[Dataset items]
Start of Block
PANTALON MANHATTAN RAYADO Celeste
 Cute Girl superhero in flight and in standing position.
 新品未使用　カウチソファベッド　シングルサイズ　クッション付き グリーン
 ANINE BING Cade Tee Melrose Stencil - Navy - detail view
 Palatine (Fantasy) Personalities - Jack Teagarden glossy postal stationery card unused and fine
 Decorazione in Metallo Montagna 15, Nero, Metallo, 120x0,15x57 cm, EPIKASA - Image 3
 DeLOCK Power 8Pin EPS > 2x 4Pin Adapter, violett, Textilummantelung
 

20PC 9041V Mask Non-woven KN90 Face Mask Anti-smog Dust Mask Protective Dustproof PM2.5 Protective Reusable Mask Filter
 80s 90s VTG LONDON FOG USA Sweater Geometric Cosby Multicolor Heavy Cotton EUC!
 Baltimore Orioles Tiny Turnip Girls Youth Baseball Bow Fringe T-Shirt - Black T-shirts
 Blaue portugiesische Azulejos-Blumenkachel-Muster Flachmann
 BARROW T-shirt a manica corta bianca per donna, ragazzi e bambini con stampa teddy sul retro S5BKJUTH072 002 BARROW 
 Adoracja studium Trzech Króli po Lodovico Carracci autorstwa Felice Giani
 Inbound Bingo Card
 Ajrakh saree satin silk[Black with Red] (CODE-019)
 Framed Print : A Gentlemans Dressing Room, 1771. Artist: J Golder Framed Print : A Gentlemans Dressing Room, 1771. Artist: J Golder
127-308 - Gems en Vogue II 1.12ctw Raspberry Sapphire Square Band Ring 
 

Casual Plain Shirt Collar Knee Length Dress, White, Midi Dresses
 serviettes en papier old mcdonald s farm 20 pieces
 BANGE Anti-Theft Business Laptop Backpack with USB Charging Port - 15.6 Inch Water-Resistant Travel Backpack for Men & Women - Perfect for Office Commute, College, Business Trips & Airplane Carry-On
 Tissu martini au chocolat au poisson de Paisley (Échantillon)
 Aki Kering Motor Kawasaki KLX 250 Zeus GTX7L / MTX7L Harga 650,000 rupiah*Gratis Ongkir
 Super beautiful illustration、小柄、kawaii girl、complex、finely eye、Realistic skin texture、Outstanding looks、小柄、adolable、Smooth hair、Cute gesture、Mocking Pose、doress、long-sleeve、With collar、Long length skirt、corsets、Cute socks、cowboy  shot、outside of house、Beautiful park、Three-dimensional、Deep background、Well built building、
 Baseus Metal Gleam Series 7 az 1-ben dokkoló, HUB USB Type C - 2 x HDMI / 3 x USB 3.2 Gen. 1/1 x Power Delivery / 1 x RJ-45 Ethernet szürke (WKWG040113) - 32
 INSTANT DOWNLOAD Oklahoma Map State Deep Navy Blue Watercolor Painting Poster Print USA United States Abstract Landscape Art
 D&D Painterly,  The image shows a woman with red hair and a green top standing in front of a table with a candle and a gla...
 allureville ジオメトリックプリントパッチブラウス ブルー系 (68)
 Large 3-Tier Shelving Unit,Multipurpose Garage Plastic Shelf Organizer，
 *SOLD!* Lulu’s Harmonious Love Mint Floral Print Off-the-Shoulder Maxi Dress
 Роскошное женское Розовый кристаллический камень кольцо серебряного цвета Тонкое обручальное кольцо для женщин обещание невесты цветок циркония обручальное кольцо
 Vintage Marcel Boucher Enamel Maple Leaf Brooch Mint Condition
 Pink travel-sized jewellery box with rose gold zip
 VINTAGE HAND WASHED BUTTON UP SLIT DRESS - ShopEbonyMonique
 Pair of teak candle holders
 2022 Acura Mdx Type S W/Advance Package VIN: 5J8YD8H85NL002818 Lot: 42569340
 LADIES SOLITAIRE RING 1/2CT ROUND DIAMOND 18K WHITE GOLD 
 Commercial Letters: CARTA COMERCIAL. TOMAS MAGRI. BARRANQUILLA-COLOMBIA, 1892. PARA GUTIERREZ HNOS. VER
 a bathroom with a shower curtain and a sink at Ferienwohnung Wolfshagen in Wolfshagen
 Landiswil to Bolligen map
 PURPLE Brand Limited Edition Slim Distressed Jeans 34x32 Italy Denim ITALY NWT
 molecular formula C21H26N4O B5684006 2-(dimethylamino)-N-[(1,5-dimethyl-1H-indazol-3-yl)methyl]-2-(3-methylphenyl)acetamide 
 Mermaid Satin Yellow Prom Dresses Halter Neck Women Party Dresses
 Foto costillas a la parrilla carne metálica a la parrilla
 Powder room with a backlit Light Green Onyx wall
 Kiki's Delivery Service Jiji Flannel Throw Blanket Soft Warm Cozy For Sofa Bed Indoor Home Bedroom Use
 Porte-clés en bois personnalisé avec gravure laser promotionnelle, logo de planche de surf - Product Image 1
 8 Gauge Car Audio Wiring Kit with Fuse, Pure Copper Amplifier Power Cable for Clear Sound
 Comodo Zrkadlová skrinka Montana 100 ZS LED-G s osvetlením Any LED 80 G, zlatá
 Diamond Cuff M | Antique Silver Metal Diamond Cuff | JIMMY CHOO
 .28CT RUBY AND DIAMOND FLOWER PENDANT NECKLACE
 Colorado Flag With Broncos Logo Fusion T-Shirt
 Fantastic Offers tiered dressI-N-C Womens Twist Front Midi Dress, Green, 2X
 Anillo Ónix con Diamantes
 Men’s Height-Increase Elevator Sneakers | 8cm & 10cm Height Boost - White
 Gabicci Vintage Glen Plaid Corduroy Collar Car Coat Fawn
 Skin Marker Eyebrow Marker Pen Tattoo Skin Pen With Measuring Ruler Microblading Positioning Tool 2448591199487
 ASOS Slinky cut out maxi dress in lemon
End of Block
▶ About this exercise
Reproduce, character for character, only the lines of the preceding data that start at the line with "Landiswil to Bolligen map" and end at the line with "Fantastic Offers tiered", both included.

▶ Result
 Landiswil to Bolligen map
 PURPLE Brand Limited Edition Slim Distressed Jeans 34x32 Italy Denim ITALY NWT
 molecular formula C21H26N4O B5684006 2-(dimethylamino)-N-[(1,5-dimethyl-1H-indazol-3-yl)methyl]-2-(3-methylphenyl)acetamide 
 Mermaid Satin Yellow Prom Dresses Halter Neck Women Party Dresses
 Foto costillas a la parrilla carne metálica a la parrilla
 Powder room with a backlit Light Green Onyx wall
 Kiki's Delivery Service Jiji Flannel Throw Blanket Soft Warm Cozy For Sofa Bed Indoor Home Bedroom Use
 Porte-clés en bois personnalisé avec gravure laser promotionnelle, logo de planche de surf - Product Image 1
 8 Gauge Car Audio Wiring Kit with Fuse, Pure Copper Amplifier Power Cable for Clear Sound
 Comodo Zrkadlová skrinka Montana 100 ZS LED-G s osvetlením Any LED 80 G, zlatá
 Diamond Cuff M | Antique Silver Metal Diamond Cuff | JIMMY CHOO
 .28CT RUBY AND DIAMOND FLOWER PENDANT NECKLACE
 Colorado Flag With Broncos Logo Fusion T-Shirt
 Fantastic Offers tiered dressI-N-C Womens Twist Front Midi Dress, Green, 2X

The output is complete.